── Dataset ──
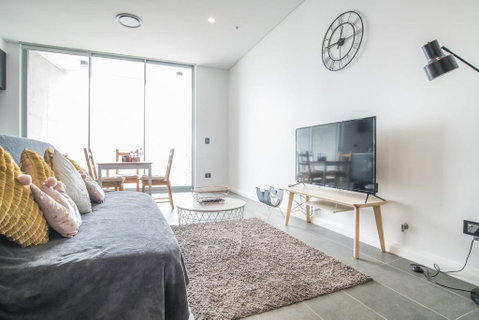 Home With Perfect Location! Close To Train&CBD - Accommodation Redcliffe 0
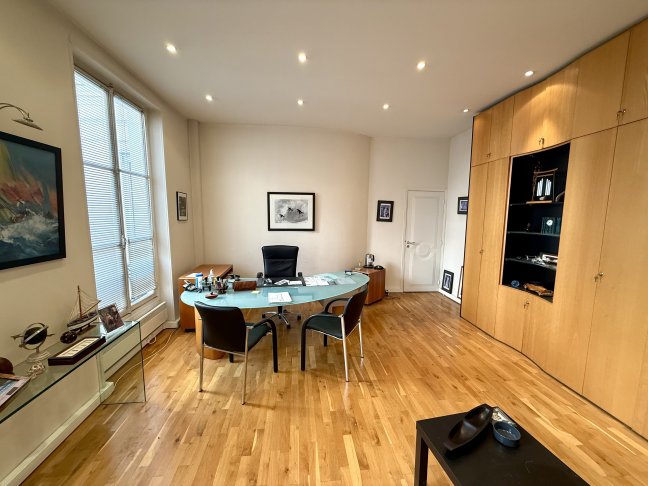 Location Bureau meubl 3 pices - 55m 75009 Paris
───
── Dataset ──
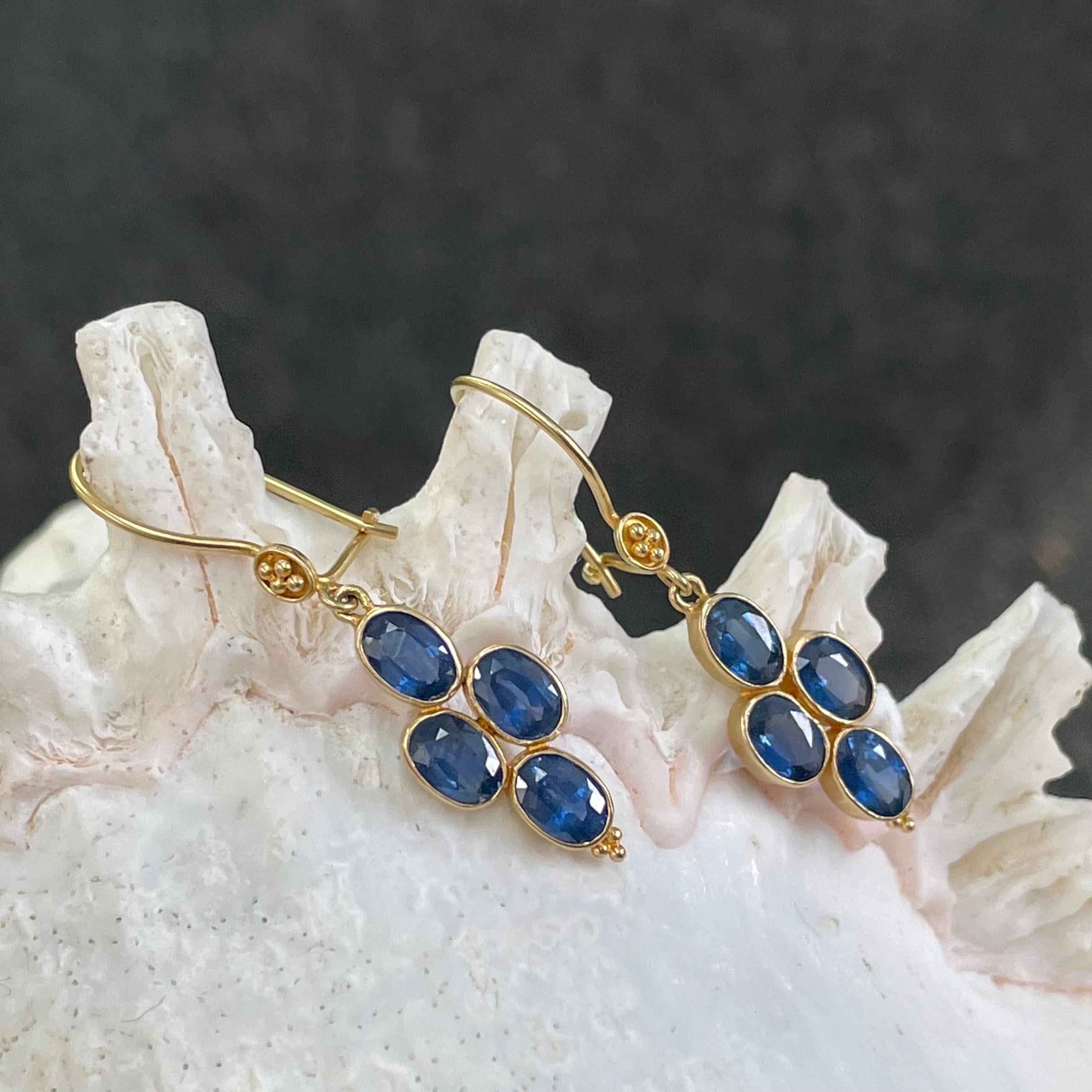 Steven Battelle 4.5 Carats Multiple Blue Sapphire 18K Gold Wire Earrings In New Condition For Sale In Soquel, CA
───
── Dataset ──
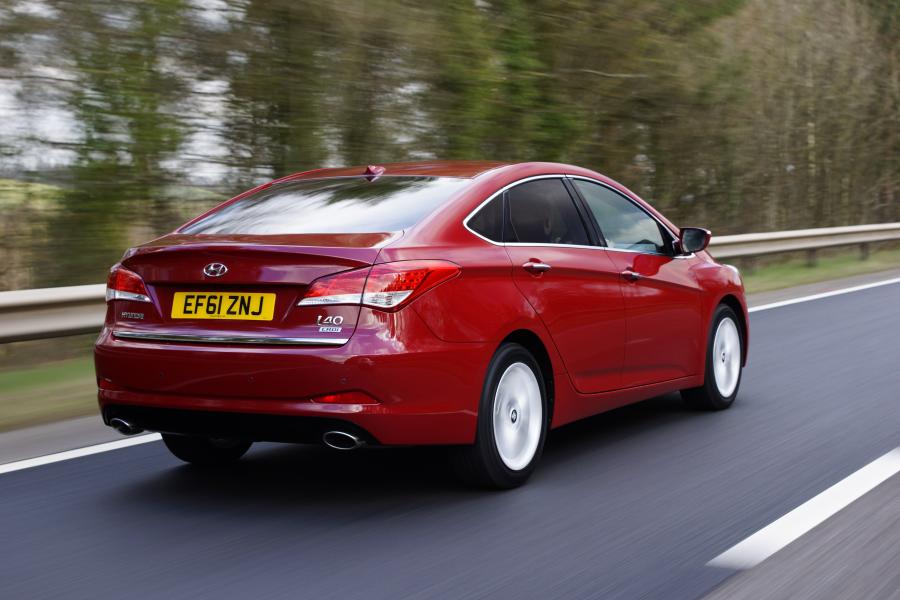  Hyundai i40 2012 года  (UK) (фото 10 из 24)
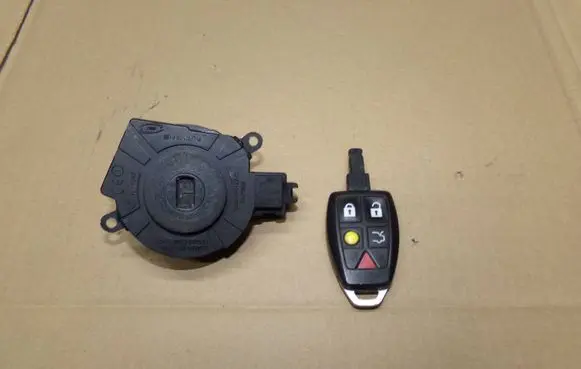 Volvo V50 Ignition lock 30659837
───
## Work order
Nothing but the lines above from the one that has "Home With Perfect" down to the one that has "Location Bureau meubl" belongs in the answer, copied exactly, without pictures.

## Response
 Home With Perfect Location! Close To Train&CBD - Accommodation Redcliffe 0
 Location Bureau meubl 3 pices - 55m 75009 Paris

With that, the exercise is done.